**** Excerpted records ****
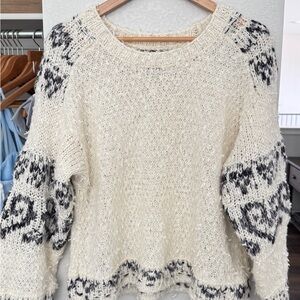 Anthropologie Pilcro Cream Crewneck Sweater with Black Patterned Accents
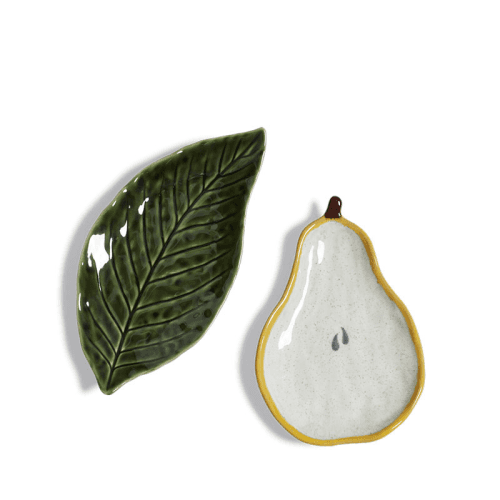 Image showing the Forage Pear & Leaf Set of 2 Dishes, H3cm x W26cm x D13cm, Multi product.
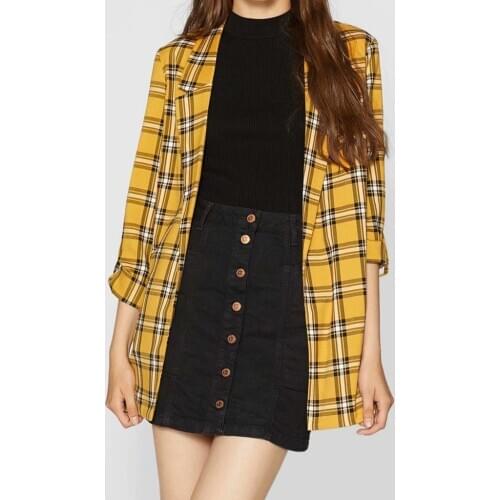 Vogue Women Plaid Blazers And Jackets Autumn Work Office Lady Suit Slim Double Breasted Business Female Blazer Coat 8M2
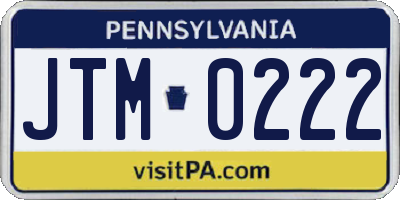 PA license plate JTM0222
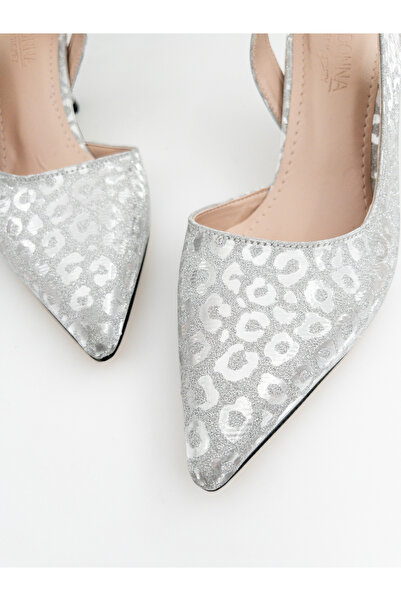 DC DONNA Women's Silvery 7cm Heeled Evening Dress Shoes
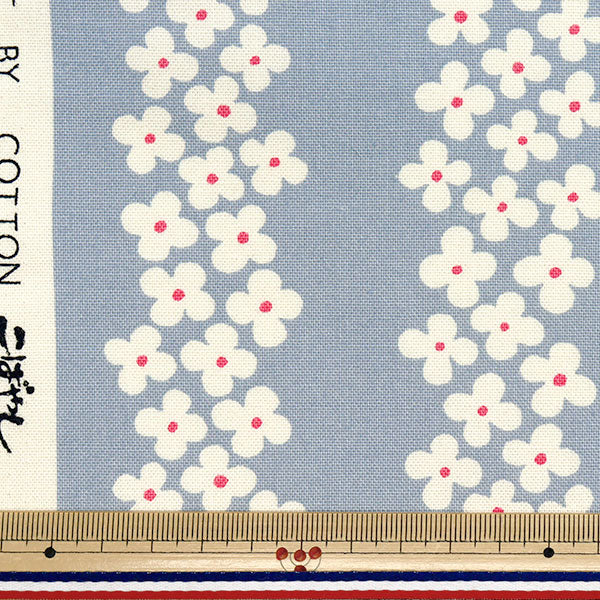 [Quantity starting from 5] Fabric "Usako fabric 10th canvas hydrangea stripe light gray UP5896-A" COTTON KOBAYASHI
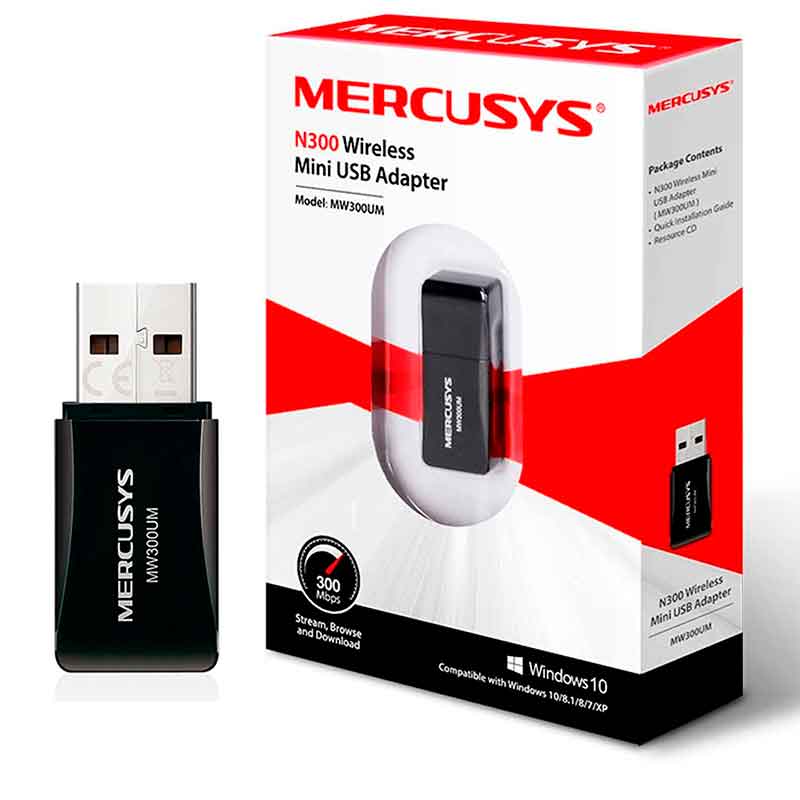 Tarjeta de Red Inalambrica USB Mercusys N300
****
- **Work required**: Nothing but the lines from the top of the data above through the line containing "DC DONNA Women's" should be output, exactly as written and without the pictures.

- **Output**:
 Anthropologie Pilcro Cream Crewneck Sweater with Black Patterned Accents
 Image showing the Forage Pear & Leaf Set of 2 Dishes, H3cm x W26cm x D13cm, Multi product.
 Vogue Women Plaid Blazers And Jackets Autumn Work Office Lady Suit Slim Double Breasted Business Female Blazer Coat 8M2
 PA license plate JTM0222
 DC DONNA Women's Silvery 7cm Heeled Evening Dress Shoes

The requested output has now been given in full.